(INPUT DATA)

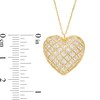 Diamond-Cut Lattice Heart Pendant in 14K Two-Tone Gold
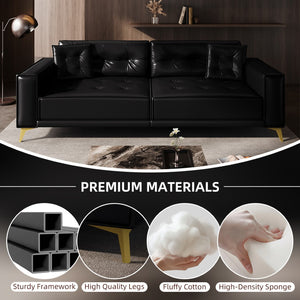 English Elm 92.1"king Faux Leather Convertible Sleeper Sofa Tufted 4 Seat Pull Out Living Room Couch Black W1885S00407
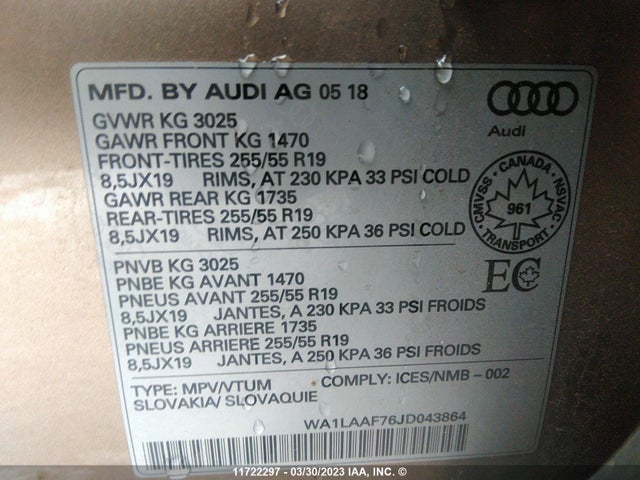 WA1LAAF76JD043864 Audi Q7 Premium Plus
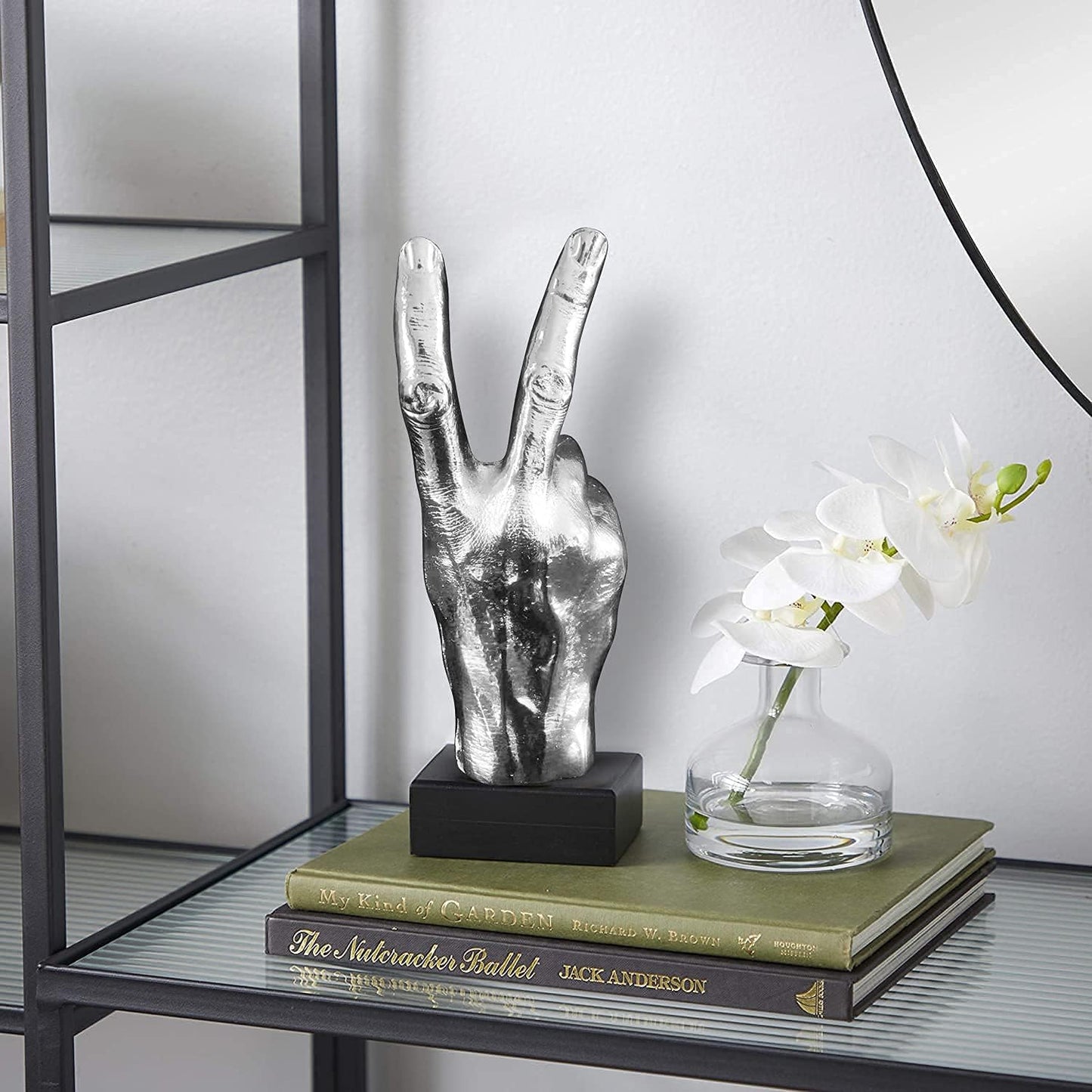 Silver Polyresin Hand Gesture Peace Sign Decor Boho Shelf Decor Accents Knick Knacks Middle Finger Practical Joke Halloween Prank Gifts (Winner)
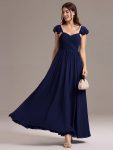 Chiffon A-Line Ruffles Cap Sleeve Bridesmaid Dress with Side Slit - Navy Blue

(End INPUT DATA)
(INPUT DATA)

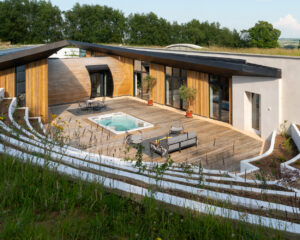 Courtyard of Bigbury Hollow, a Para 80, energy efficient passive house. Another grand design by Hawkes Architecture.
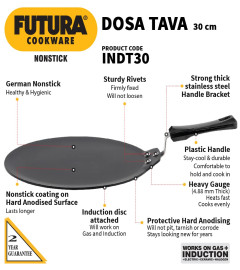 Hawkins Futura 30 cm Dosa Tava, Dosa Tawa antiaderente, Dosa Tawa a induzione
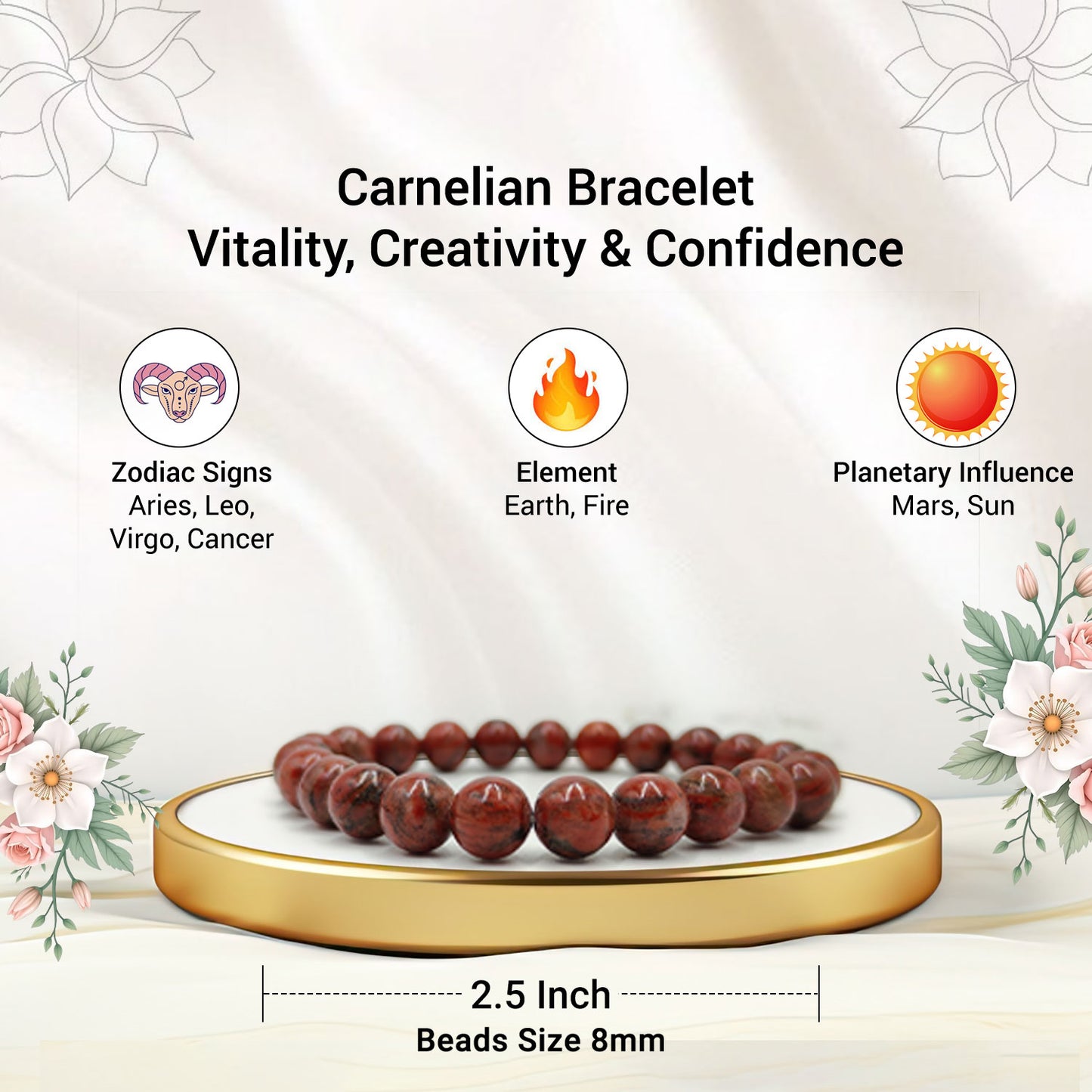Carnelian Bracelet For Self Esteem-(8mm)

(End INPUT DATA)
(INPUT DATA)

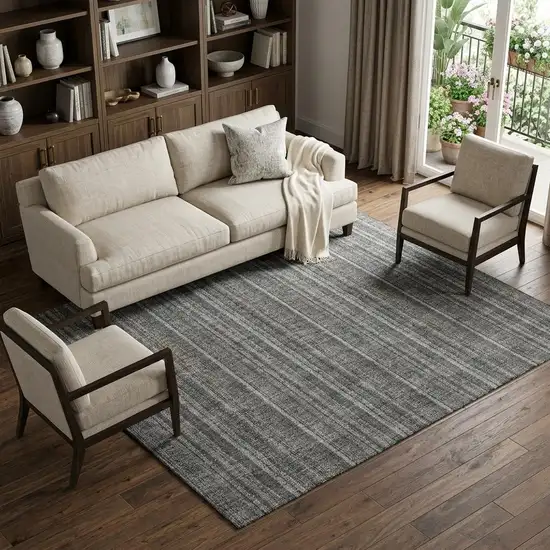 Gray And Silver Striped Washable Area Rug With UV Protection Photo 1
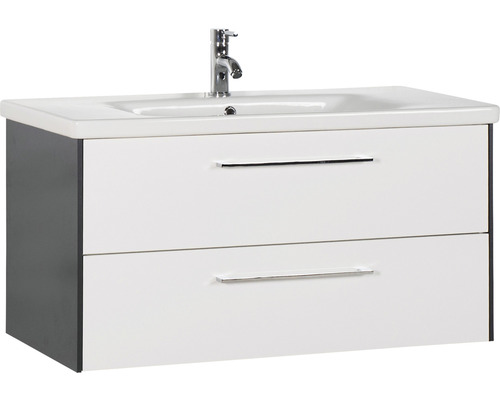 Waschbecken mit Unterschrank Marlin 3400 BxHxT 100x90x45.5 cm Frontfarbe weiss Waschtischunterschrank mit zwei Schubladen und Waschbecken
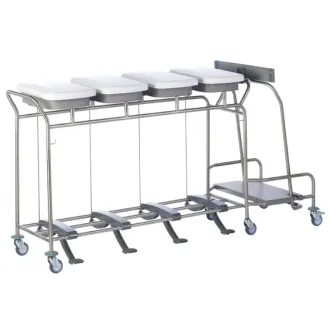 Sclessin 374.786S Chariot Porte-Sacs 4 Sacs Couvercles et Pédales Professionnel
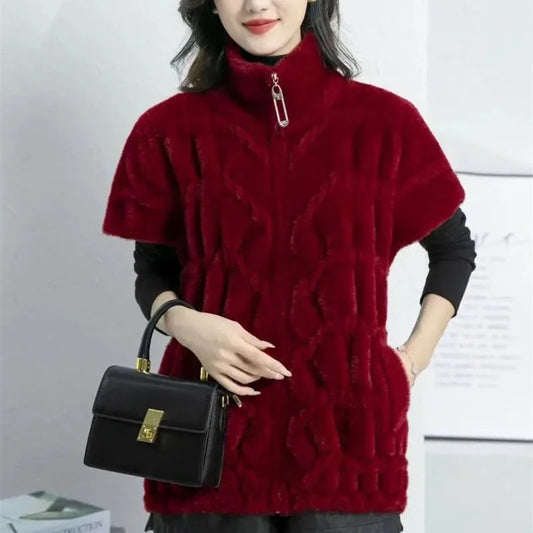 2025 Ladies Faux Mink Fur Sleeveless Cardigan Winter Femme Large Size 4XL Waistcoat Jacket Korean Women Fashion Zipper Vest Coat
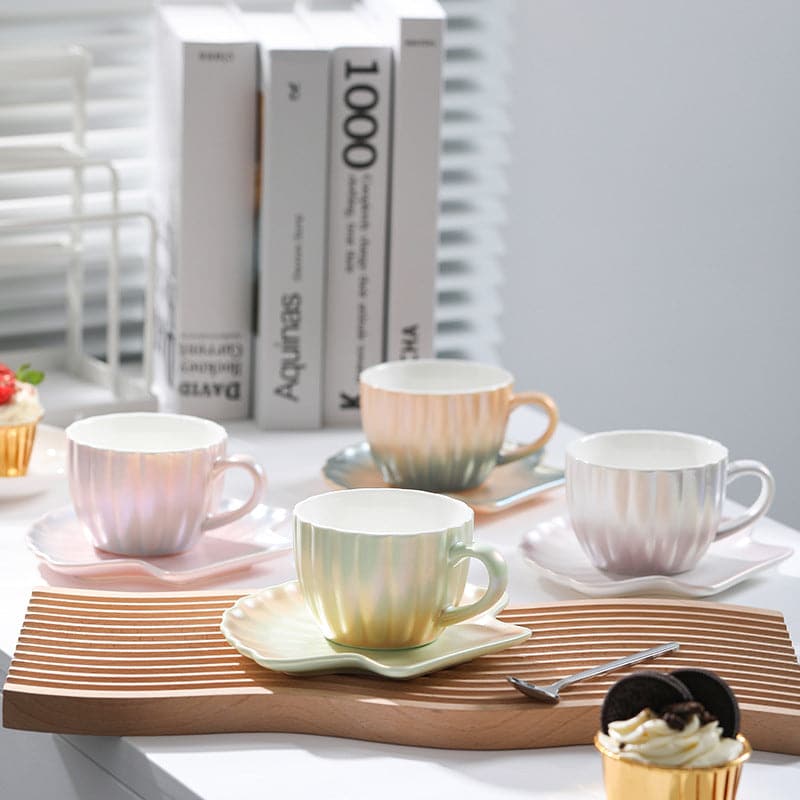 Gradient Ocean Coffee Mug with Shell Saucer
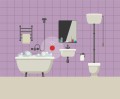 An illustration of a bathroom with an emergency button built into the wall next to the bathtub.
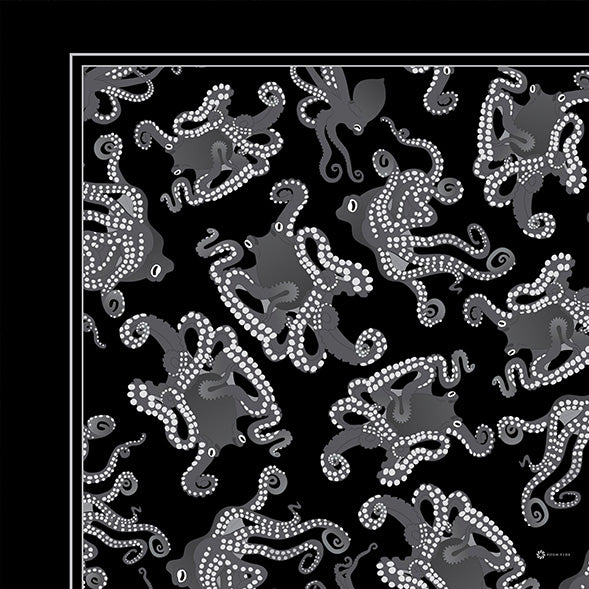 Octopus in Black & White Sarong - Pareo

(End INPUT DATA)

TASK DETAILS:
In the listing above, find the line containing "WA1LAAF76JD043864 Audi Q7 Premium Plus". Output it and every line after it up to and including the line containing "Chiffon A-Line Ruffles", exactly, but skip the pictures.

REPLY:
 WA1LAAF76JD043864 Audi Q7 Premium Plus
 Silver Polyresin Hand Gesture Peace Sign Decor Boho Shelf Decor Accents Knick Knacks Middle Finger Practical Joke Halloween Prank Gifts (Winner)
 Chiffon A-Line Ruffles Cap Sleeve Bridesmaid Dress with Side Slit - Navy Blue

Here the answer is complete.